2024-07-17
1110. Delete Nodes And Return Forest
Given the root of a binary tree, each node in the tree has a distinct value.
After deleting all nodes with a value in to_delete, we are left with a forest
(a disjoint union of trees).
Return the roots of the trees in the remaining forest.
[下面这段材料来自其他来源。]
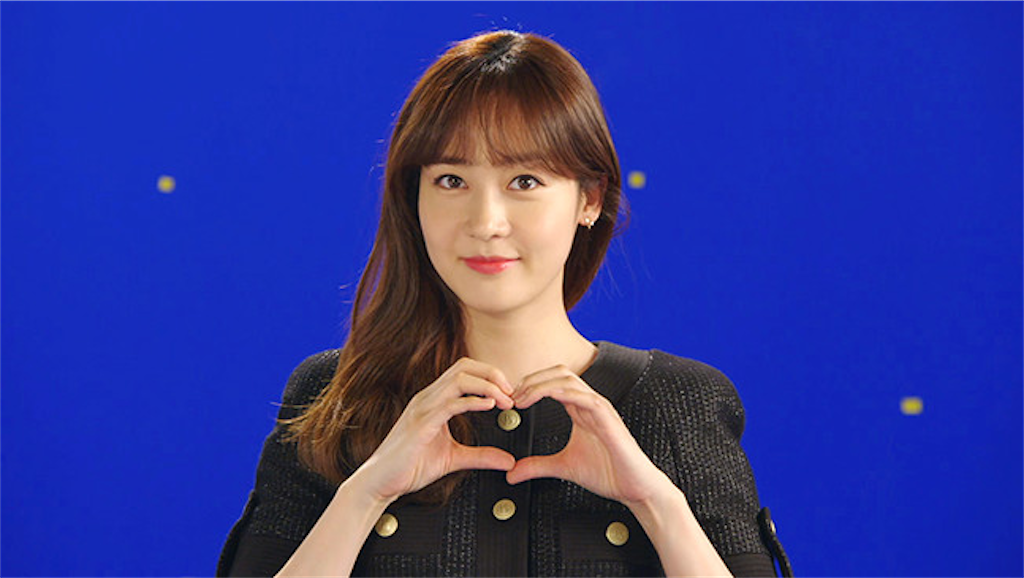 韓国ドラマ【モンスター〜その愛と復讐〜】あらすじ・キャスト・感想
You may return the
result in any order.
用 DFS 走
碰到要删的删掉
如果没有 parent 而且没有要删
就塞进 result
跟解答比起来
用 loop 找 delete 比直接 vector 操作慢了
dfs return bool 再处理也会比直接 return node 多一层判断
应该是这两个在慢吧
/**
* Definition for a binary tree node.
* struct TreeNode {
* int val;
* TreeNode *left;
* TreeNode *right;
* TreeNode() : val(0), left(nullptr), right(nullptr) {}
* TreeNode(int x) : val(x), left(nullptr), right(nullptr) {}
* TreeNode(int x, TreeNode *left, TreeNode *right) : val(x), left(left),
right(right) {}
* };
*/
class Solution {
public:
vector<TreeNode*> delNodes(TreeNode* root, vector<int>& to_delete) {
vector<TreeNode*> results;
dfs(root, to_delete, results, false);
return results;
}
private:
bool dfs(TreeNode* root, vector<int>& to_delete, vector<TreeNode*>&
results, bool isChild) {
if (!root) {
return false;
}
bool delete_this = false;
for (int d : to_delete) {
if (root->val == d) {
delete_this = true;
break;
}
}
if (!isChild && !delete_this) {
results.push_back(root);
}
if (dfs(root->left, to_delete, results, !delete_this)) {
root->left = NULL;
}
if (dfs(root->right, to_delete, results, !delete_this)) {
root->right = NULL;
}
return delete_this;
}
};